─── Input data ───

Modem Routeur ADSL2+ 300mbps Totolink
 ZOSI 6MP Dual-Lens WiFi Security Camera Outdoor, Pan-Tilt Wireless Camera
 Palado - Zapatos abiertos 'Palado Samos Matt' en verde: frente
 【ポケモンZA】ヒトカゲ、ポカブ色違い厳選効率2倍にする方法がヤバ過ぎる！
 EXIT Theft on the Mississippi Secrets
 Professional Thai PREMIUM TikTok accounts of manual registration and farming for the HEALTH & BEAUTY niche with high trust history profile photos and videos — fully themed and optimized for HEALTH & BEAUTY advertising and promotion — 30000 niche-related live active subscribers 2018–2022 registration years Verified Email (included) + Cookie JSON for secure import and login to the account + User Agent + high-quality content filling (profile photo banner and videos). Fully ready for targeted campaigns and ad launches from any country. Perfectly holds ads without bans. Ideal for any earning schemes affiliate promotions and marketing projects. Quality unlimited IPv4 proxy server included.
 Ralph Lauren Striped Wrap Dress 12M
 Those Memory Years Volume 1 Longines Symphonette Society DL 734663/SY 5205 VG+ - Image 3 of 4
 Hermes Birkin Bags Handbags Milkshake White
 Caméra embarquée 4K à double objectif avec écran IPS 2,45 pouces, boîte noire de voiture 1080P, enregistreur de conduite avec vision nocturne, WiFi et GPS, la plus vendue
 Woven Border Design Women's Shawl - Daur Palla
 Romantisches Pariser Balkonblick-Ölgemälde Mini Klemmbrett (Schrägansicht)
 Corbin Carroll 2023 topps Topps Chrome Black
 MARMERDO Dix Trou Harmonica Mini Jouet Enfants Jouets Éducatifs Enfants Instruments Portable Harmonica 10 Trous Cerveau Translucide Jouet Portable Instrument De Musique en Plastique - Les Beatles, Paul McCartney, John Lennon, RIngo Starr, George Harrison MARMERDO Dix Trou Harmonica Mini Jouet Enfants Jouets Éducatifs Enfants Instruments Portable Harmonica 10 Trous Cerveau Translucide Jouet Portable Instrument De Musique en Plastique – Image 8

───

-- Activity --
Extract, exactly, the lines above that begin at the line containing "Woven Border Design" and end at the final line of the records; add no other text.

-- Written solution --
 Woven Border Design Women's Shawl - Daur Palla
 Romantisches Pariser Balkonblick-Ölgemälde Mini Klemmbrett (Schrägansicht)
 Corbin Carroll 2023 topps Topps Chrome Black
 MARMERDO Dix Trou Harmonica Mini Jouet Enfants Jouets Éducatifs Enfants Instruments Portable Harmonica 10 Trous Cerveau Translucide Jouet Portable Instrument De Musique en Plastique - Les Beatles, Paul McCartney, John Lennon, RIngo Starr, George Harrison MARMERDO Dix Trou Harmonica Mini Jouet Enfants Jouets Éducatifs Enfants Instruments Portable Harmonica 10 Trous Cerveau Translucide Jouet Portable Instrument De Musique en Plastique – Image 8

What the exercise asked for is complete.